🌴102. Binary Tree Level Order Traversal

Medium | Grind 75 | September 28th Wednesday, 20

Given the root of a binary tree, return the level order traversal of its nodes' values. (i.e., from left to right, level by level

Constraints:

  • The number of nodes in the tree is in the range [0, 2000].

  • -1000 <= Node.val <= 1000

Input: root = [3,9,20,null,null,15,7]
Output: [[3],[9,20],[15,7]]

SOLUTION

We use a queue to traverse the nodes.
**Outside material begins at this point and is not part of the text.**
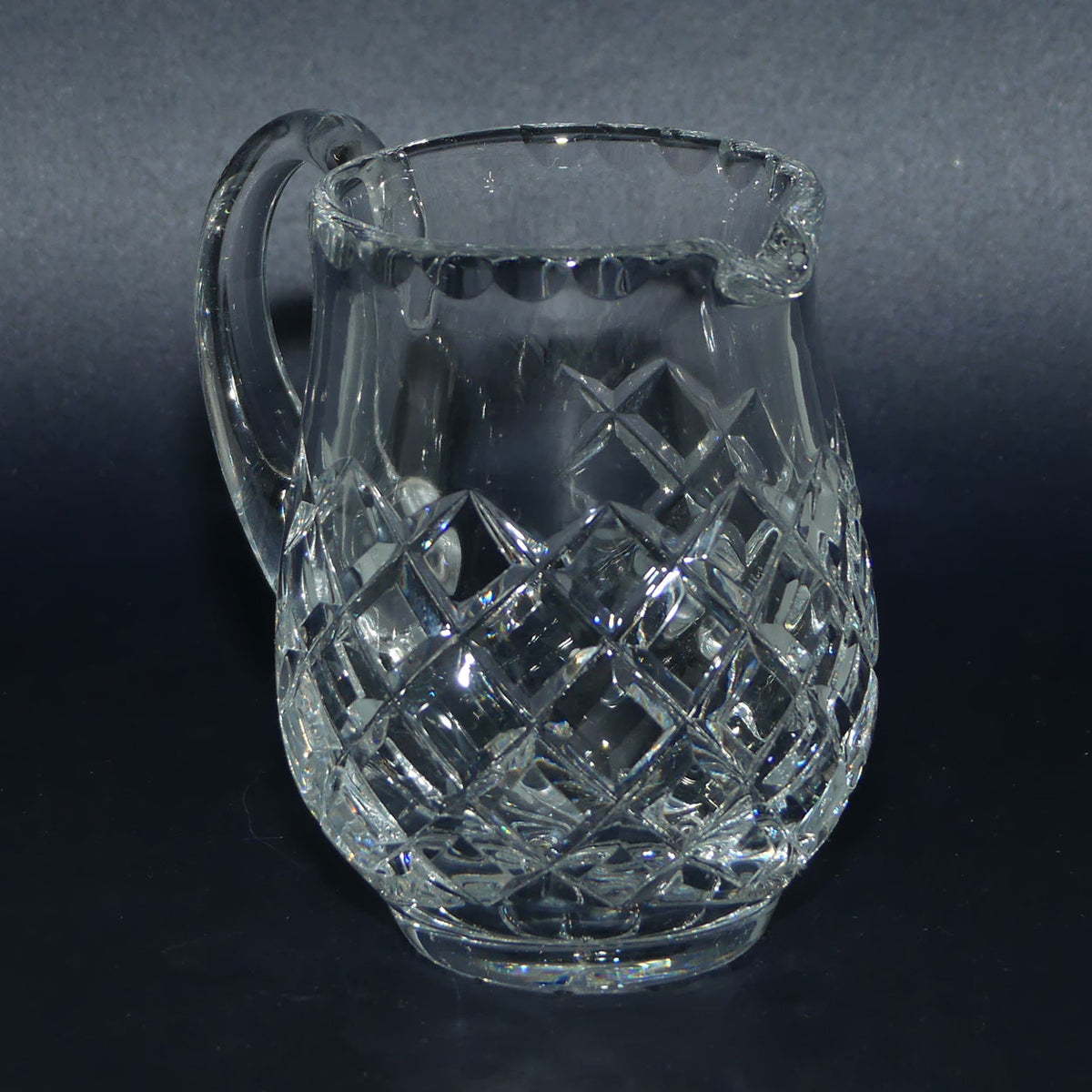 Diamond cut Crystal milk jug and sugar bowl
We first add the root node to the "queue" and then loop through it. For each node in the queue, we check if an element in the output list from the same level exists. If there is, the node's value is appended to that list. If not, a new list is created in the output list with the node's value. We then add the children of the current node to the queue and repeat the process until all the nodes are traversed.

# Definition for a binary tree node.
# class TreeNode:
#     def __init__(self, val=0, left=None, right=None):
#         self.val = val
#         self.left = left
#         self.right = right
class Solution:
    def levelOrder(self, root: Optional[TreeNode]) -> List[List[int]]:
        output = []
        if root:
            
            queue = deque()
            
            #add the root node
            queue.append((root,1))
            
            while queue: 
                curr = queue.popleft()
                
                # an element from the same level exist in output
                if curr[1] == len(output): 
                    output[curr[1]-1].append(curr[0].val)
                
                # first element from the current level
                else: 
                    output.append([curr[0].val])
                
                
                next_level = curr[1]+1
                if curr[0].left: 
                    queue.append((curr[0].left, next_level))
                
                if curr[0].right: 
                    queue.append((curr[0].right, next_level))
            
        
        
        return output
        

TIME AND SPACE COMPLEXITY

TIME: O(n) where n is the number of nodes. We traverse all the nodes once in the tree.

SPACE: O(n) at the maximum, our queue will contain n number of nodes. Additionally, our output list will also contain n number of nodes.